As part of the EFL and Mind’s ‘Do One Thing’ mental health initiative, academy players Jon McCracken and Tony Springett have explained why they chose to become mental health ambassadors at the Lotus Training Centre, in conjunction with the Justin Fashanu Foundation.

The pair, along with Caleb Richards who’s currently on loan with Kidderminster Harriers, volunteered to support fellow players in the Canaries academy.

The ambassador roles have been created at the academy together with the Justin Fashanu Foundation. Justin Fashanu was Britain’s first one million-pound black player in a playing career that spanned over 19 years. He was also Britain’s first openly gay professional footballer but sadly took his own life in 1998 after years of discrimination over his sexuality.

In his memory, Justin’s niece Amal Fashanu founded the Justin Fashanu Foundation to campaign against homophobia and racism in football and raise awareness around mental health issues in the sport.

Springett started things off: “I haven't got any real personal experiences with mental health problems but there has been a major one [with a friend]. The way I went about it and dealt with it and the way they came out the other side, it showed me that I can change the way people think about things.

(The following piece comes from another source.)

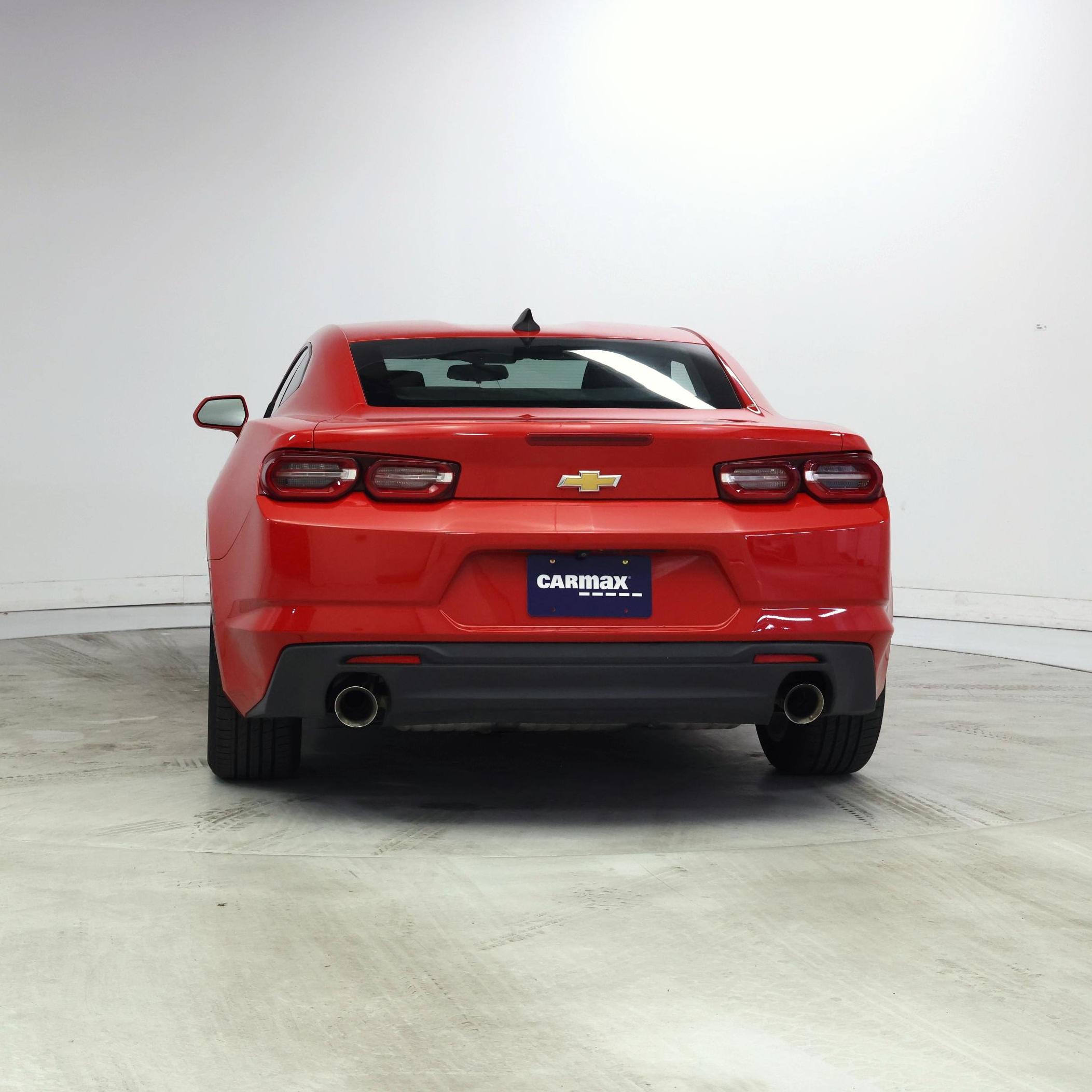 Thumbnail: 2022 Chevrolet Camaro - 6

“I might not be able to help everyone but the more people I can help, the better. Saving one person’s mind is better than saving none.”

McCracken says he was inspired to volunteer following previous experiences: “I chose to do it because I’m one of the oldest players in the Under-23s this year, so I’d like to think that I’m an approachable enough person.

“If people are struggling and they don’t want to speak to a member of staff, I’d like to think I’m one of the players who people want to come and have a chat with.

“I’ve had family experiences as well, I lost my dad when I was younger through suicide. On a personal note, I want to help people and want to help people through things. The more you talk about things, the easier it is to deal with things.”

Head of player care at the club, Clive Cook, believes the roles are important for young players to not fear about speaking out.

“The club have wanted to build a link with Amal Fashanu. Her work with homophobia and mental health started to take off and it made sense to link up.

“We wanted to bring in mental health ambassadors at the academy and Tony, Jon and Caleb [Richards] who’s out on loan put their names forward.

“I think it means a lot more when a one of these players sits down with another player and offers advice.”